“Oh, I’m all right. I don’t want anything to eat.”

Maggie continued to descend the stairs. “Don’t, eh? Where’d you get dinner? Did the Joneses invite you?”

“No.”

“The Greens, then?”

“Why—why—no; they didn’t.”

Maggie had reached the foot of the flight. “So you come traipsin’ home after everything’s cleaned up and put away, and expect me to muss up my kitchen for you? I like that! Well, you can just guess again, Sam Parker!”

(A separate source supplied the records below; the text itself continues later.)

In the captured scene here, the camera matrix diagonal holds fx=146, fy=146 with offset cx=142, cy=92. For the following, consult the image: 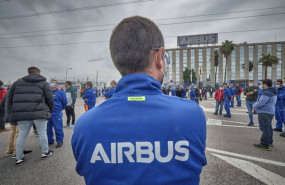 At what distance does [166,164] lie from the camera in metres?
0.73

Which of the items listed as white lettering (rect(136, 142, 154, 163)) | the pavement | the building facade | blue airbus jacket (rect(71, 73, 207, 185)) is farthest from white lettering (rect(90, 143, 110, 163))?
the building facade

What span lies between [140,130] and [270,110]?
467 centimetres

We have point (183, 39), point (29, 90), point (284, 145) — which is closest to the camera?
point (29, 90)

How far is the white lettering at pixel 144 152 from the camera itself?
723 mm

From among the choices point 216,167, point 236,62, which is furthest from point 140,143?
point 236,62

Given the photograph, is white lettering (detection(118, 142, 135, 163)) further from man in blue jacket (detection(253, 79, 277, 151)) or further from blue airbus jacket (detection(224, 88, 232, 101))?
blue airbus jacket (detection(224, 88, 232, 101))

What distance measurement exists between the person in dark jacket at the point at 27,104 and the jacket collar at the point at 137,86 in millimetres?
3188

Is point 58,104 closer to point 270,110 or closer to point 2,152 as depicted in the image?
point 2,152

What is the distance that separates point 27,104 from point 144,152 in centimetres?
339

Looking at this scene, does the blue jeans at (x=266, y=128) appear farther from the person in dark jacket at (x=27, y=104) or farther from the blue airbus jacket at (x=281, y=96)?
the person in dark jacket at (x=27, y=104)

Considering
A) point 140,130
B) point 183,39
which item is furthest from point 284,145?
point 183,39

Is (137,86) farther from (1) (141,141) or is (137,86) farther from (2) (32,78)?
(2) (32,78)

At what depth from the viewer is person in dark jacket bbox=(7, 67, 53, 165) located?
305 cm

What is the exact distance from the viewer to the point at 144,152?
0.73 m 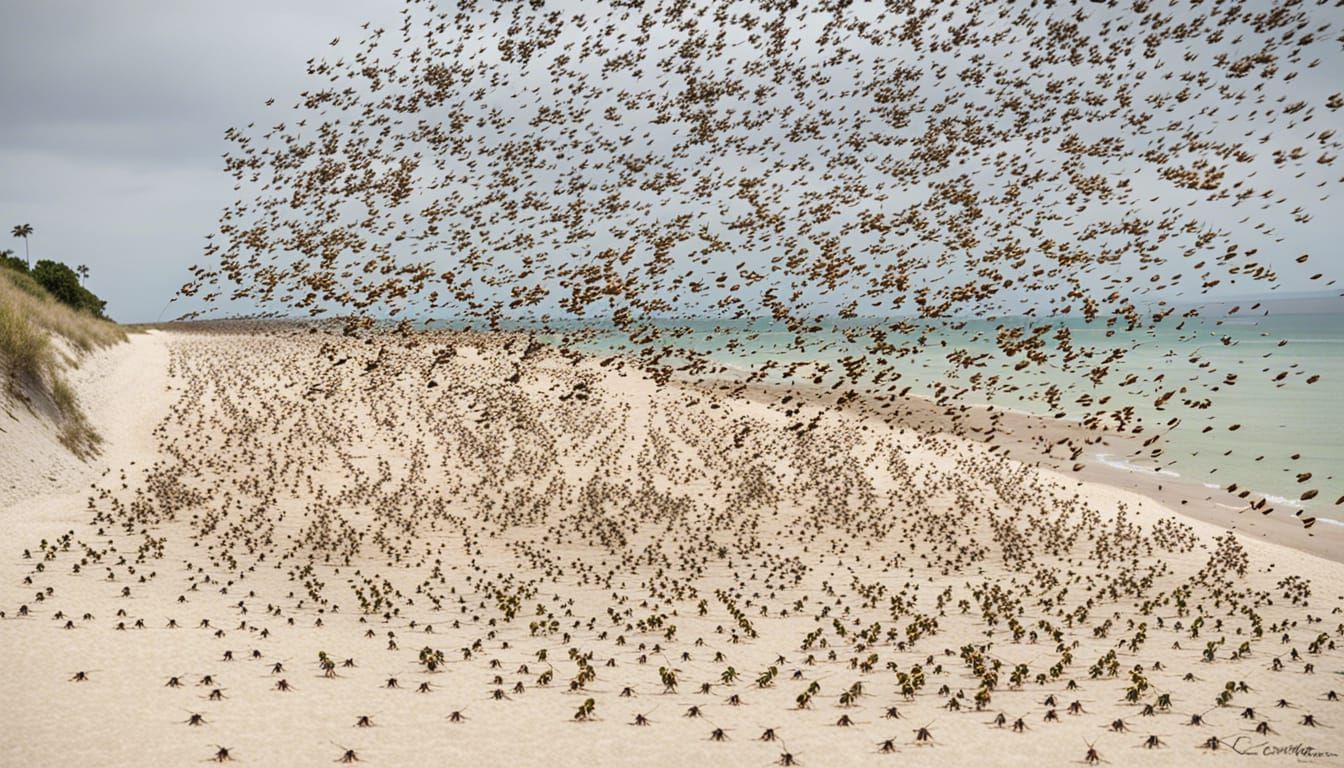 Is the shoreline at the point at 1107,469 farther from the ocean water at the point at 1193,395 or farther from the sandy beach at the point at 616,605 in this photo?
the ocean water at the point at 1193,395

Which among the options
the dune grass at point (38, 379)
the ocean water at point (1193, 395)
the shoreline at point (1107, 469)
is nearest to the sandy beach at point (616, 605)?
the shoreline at point (1107, 469)

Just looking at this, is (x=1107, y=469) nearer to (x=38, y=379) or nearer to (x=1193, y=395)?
(x=1193, y=395)

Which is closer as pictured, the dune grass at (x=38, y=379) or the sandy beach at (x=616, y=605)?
the sandy beach at (x=616, y=605)

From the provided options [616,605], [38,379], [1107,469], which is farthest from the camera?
[1107,469]

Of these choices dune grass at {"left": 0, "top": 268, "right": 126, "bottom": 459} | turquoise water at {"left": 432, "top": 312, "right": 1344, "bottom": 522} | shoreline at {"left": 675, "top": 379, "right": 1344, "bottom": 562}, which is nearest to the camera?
dune grass at {"left": 0, "top": 268, "right": 126, "bottom": 459}

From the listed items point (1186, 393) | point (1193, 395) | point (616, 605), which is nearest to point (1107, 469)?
point (616, 605)

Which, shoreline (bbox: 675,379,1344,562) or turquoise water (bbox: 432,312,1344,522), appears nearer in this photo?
shoreline (bbox: 675,379,1344,562)

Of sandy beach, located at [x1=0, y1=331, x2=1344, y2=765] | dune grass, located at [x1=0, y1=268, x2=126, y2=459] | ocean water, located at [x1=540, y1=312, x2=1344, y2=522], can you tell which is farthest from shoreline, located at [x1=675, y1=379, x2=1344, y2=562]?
dune grass, located at [x1=0, y1=268, x2=126, y2=459]

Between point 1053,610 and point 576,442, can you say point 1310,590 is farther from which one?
point 576,442

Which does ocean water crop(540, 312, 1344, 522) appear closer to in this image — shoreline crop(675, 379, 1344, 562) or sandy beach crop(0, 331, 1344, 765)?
shoreline crop(675, 379, 1344, 562) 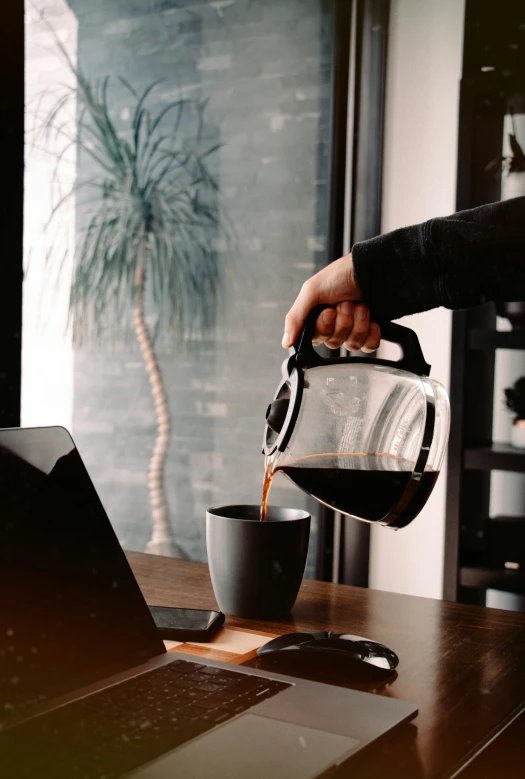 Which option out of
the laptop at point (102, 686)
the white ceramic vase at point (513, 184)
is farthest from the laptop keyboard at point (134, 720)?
the white ceramic vase at point (513, 184)

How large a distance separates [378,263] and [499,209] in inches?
6.3

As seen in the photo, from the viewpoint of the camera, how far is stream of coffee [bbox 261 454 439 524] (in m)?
0.74

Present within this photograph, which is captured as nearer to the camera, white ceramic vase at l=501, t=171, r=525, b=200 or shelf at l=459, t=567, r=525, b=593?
shelf at l=459, t=567, r=525, b=593

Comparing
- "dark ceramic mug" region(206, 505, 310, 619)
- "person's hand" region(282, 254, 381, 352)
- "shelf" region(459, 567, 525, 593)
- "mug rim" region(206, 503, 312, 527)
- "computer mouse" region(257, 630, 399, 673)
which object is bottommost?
"shelf" region(459, 567, 525, 593)

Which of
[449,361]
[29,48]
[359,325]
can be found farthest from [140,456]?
[359,325]

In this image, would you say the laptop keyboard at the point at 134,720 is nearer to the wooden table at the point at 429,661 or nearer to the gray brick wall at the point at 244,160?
the wooden table at the point at 429,661

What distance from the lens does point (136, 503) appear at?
2.53m

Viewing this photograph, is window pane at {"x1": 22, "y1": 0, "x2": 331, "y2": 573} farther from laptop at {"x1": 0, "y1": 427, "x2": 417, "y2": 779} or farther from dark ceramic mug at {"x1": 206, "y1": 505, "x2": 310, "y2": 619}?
laptop at {"x1": 0, "y1": 427, "x2": 417, "y2": 779}

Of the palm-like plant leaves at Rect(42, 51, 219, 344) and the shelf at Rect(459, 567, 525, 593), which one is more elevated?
the palm-like plant leaves at Rect(42, 51, 219, 344)

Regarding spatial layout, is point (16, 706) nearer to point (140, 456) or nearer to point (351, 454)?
point (351, 454)

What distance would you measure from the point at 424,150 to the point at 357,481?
1.82 m

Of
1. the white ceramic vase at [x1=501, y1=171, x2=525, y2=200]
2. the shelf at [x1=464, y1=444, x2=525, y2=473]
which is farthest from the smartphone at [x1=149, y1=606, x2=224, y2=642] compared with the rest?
the white ceramic vase at [x1=501, y1=171, x2=525, y2=200]

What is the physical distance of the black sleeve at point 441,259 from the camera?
2.95ft

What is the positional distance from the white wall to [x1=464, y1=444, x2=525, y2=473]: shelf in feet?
0.72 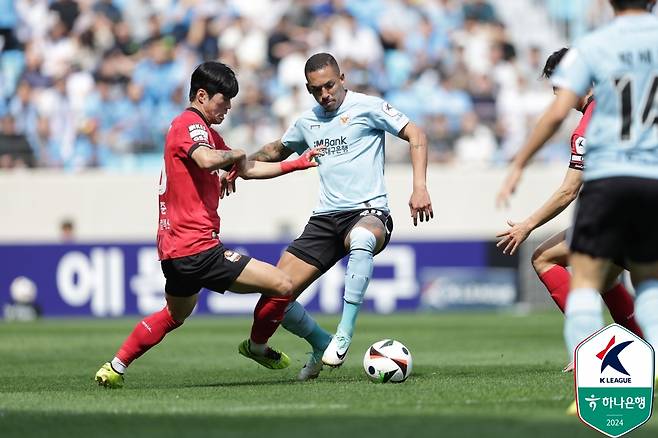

“But I don’t want anything, Maggie!” Sam said pacifically. “Honest, I don’t. I’m not hungry.”

“That’s lucky—seein’s there ain’t anything,” said Maggie drily. However, she was moving toward the kitchen. “Come along with you, though!” she flung over her shoulder.

Sam followed her meekly. “You don’t need to bother,” he insisted.

Maggie paid not the slightest heed to his protests. “Don’t see how folks can expect to keep a house decent, with all the overgrown boys in town runnin’ in for snacks between meals,” she grumbled. “Well, now you’re here, you might as well sit down.” She pointed to a table, bare but spotlessly clean. “S’pose I’ll have to give you some dry bread or a cracker, maybe. And the water from the faucet’s cold enough to drink at this time of year.”